■ **WORK ORDER**
Without the pictures, copy the entries below word for word.

========

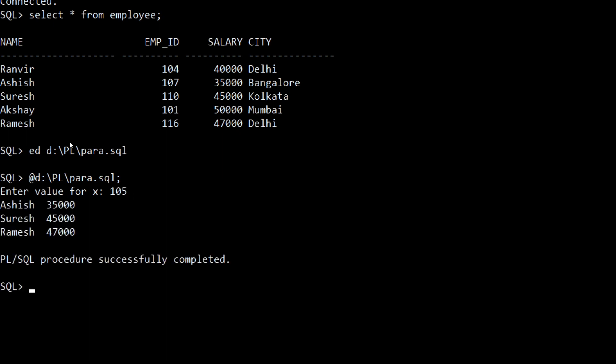This is our output. We have fetched the names and salaries of those employees whose ID is greater than 105. Hope you have understood the topic. Practice some more examples on your own. Thank you.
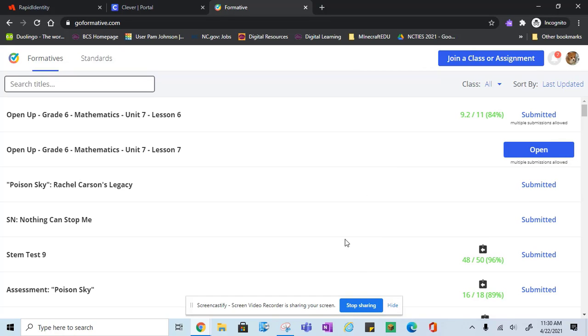If you have any questions on getting started using formative, please contact your digital learning facilitator.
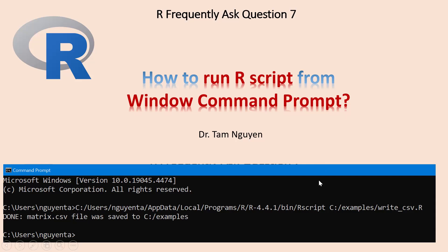Hi everyone, in this video I'll show you how to run an R script from Windows Command Prompt.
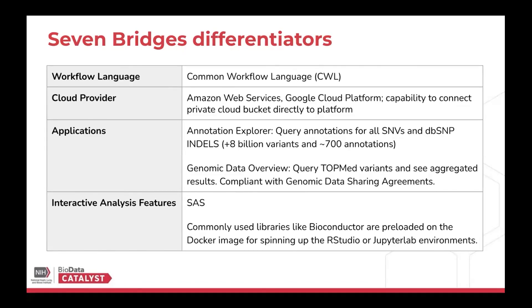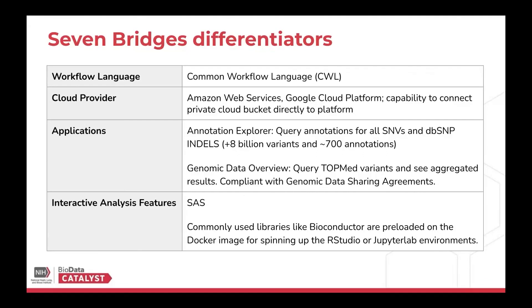One application that's unique to the Seven Bridges is the Annotation Explorer. So this is a great way to browse the TOPMed data annotation. So you can actually browse through 8 billion variants and up to 700 annotations using an interactive web page. So this is a great way to filter down for SNPs that you're interested in pre-GWAS and create aggregate units to run an aggregate GWAS, as well as post-GWAS. You can use those for annotation.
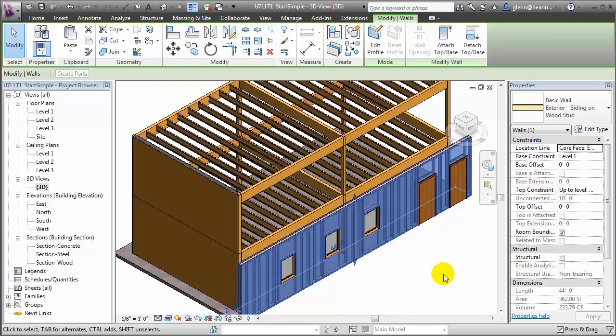The Wood Framing Walls extension illustrates the power of using parametric modeling. As we continue to adapt and make changes to our model, the parameters that describe our building elements can in turn automatically drive and regenerate the related elements.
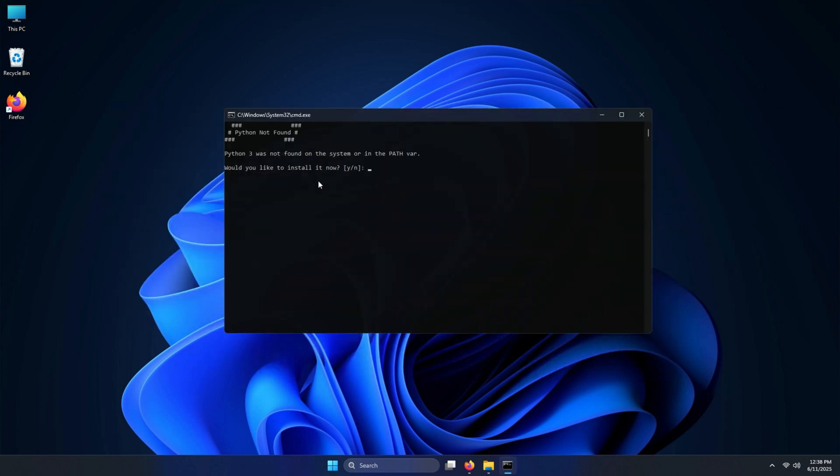If this is your first time running OpCore Simplify, you need to install Python. Since I don't have it on this computer, I will let it download and install now.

========

■ **EXERCISE ANSWER**
This is our output. We have fetched the names and salaries of those employees whose ID is greater than 105. Hope you have understood the topic. Practice some more examples on your own. Thank you.
If you have any questions on getting started using formative, please contact your digital learning facilitator.
Hi everyone, in this video I'll show you how to run an R script from Windows Command Prompt.
One application that's unique to the Seven Bridges is the Annotation Explorer. So this is a great way to browse the TOPMed data annotation. So you can actually browse through 8 billion variants and up to 700 annotations using an interactive web page. So this is a great way to filter down for SNPs that you're interested in pre-GWAS and create aggregate units to run an aggregate GWAS, as well as post-GWAS. You can use those for annotation.
The Wood Framing Walls extension illustrates the power of using parametric modeling. As we continue to adapt and make changes to our model, the parameters that describe our building elements can in turn automatically drive and regenerate the related elements.
If this is your first time running OpCore Simplify, you need to install Python. Since I don't have it on this computer, I will let it download and install now.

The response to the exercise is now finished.